Exercise input:
_ _ _ _
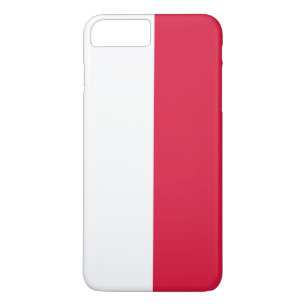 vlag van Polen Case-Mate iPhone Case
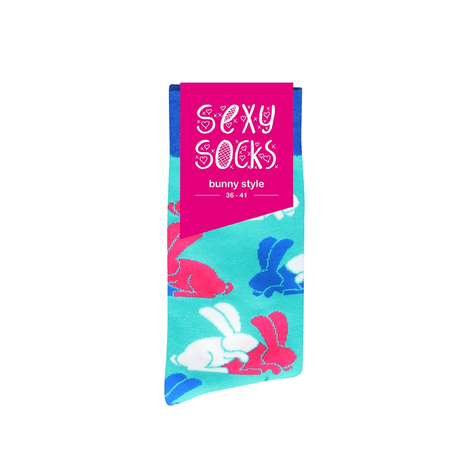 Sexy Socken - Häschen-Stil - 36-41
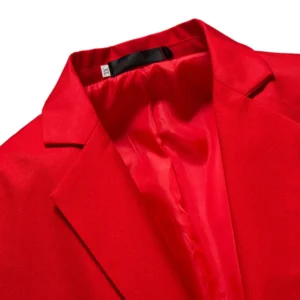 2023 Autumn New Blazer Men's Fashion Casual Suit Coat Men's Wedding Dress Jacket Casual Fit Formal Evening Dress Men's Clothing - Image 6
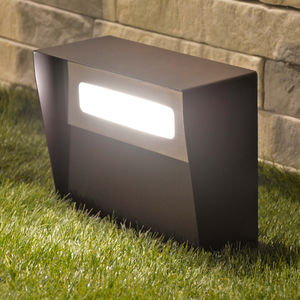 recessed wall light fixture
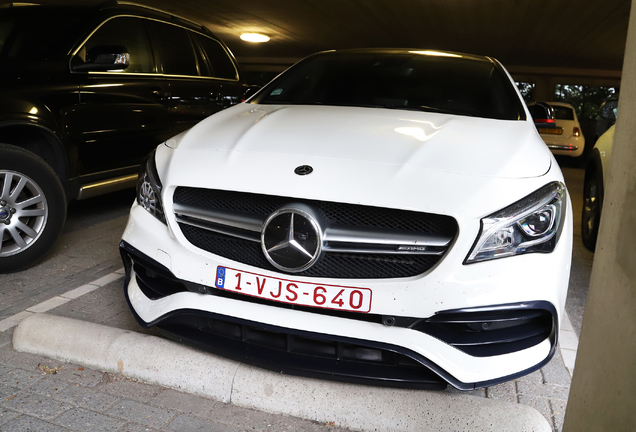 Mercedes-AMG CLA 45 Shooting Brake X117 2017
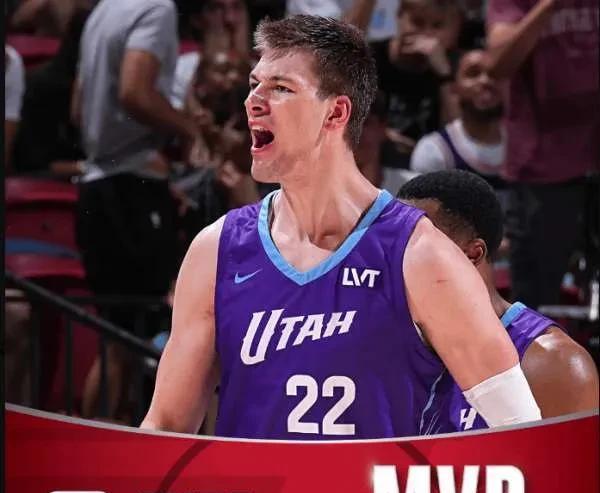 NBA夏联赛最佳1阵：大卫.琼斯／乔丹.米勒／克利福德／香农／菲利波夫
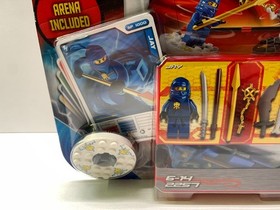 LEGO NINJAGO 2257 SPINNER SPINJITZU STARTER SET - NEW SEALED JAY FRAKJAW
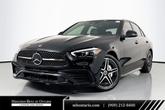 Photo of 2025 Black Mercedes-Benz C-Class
_ _ _ _
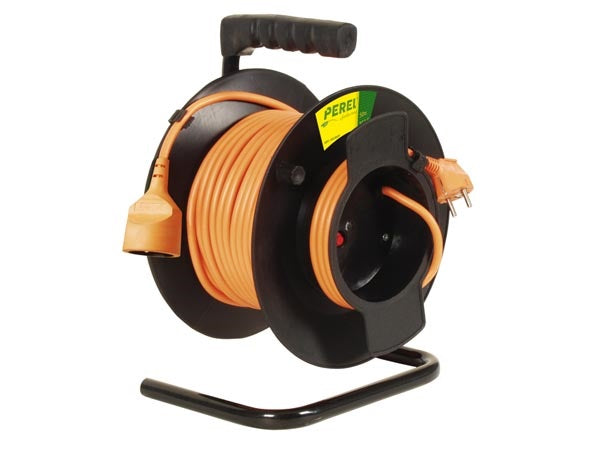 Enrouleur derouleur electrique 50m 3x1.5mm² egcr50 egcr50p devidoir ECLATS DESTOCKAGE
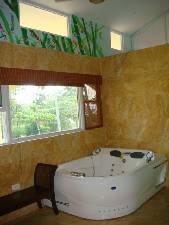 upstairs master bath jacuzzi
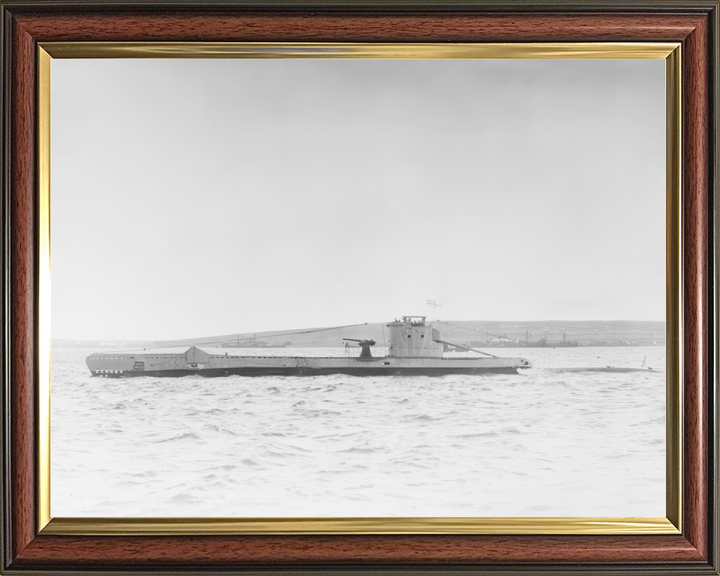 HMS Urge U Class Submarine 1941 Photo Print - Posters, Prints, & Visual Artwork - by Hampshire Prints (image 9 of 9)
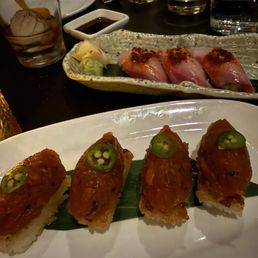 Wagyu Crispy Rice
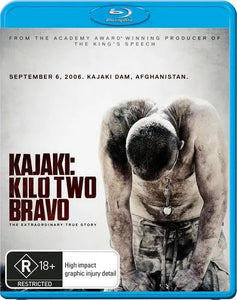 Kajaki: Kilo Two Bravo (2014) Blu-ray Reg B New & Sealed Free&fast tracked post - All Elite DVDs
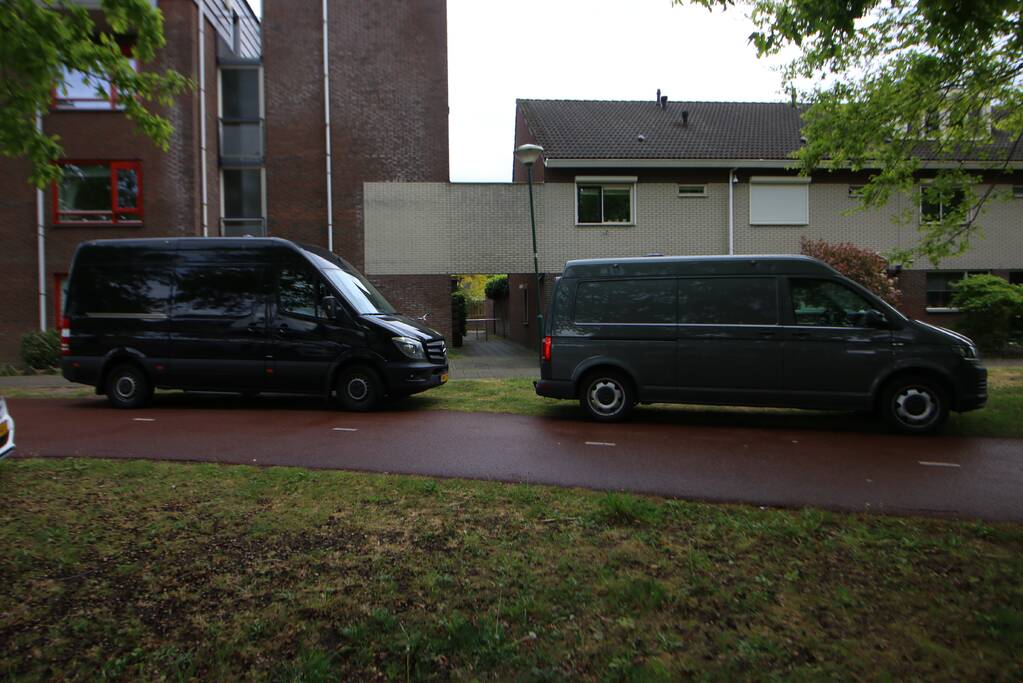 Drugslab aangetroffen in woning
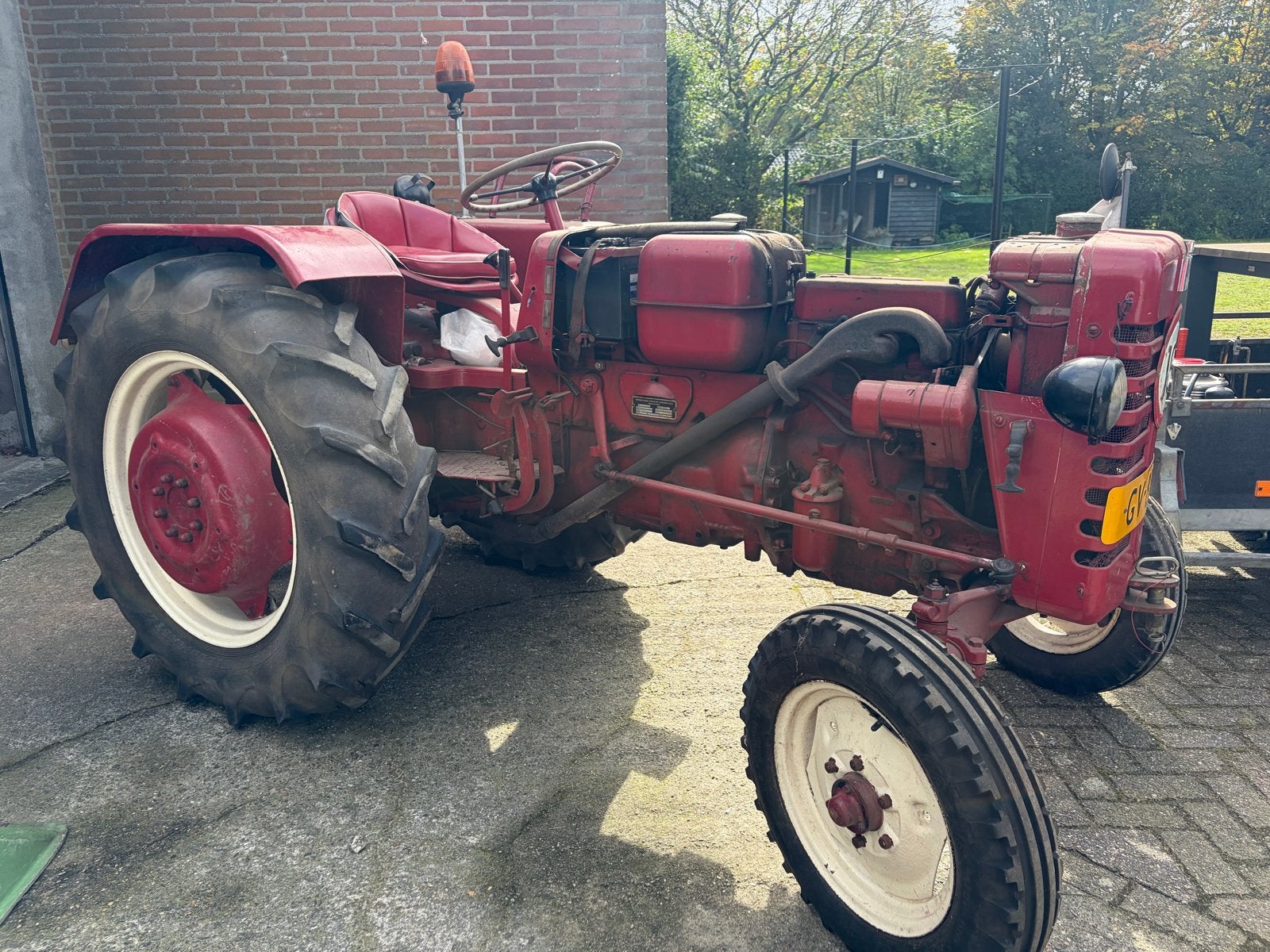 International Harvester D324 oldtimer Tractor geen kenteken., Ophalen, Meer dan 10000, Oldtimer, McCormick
_ _ _ _
Instructions to follow: All lines above starting at the one with "NBA夏联赛最佳1阵：大卫.琼斯／乔丹.米勒／克利福德／香农／菲利波夫" and ending at the one with "Photo of 2025 Black Mercedes-Benz C-Class", inclusive, are to be printed again exactly, with the pictures left out.

Solved exercise:
 NBA夏联赛最佳1阵：大卫.琼斯／乔丹.米勒／克利福德／香农／菲利波夫
 LEGO NINJAGO 2257 SPINNER SPINJITZU STARTER SET - NEW SEALED JAY FRAKJAW
 Photo of 2025 Black Mercedes-Benz C-Class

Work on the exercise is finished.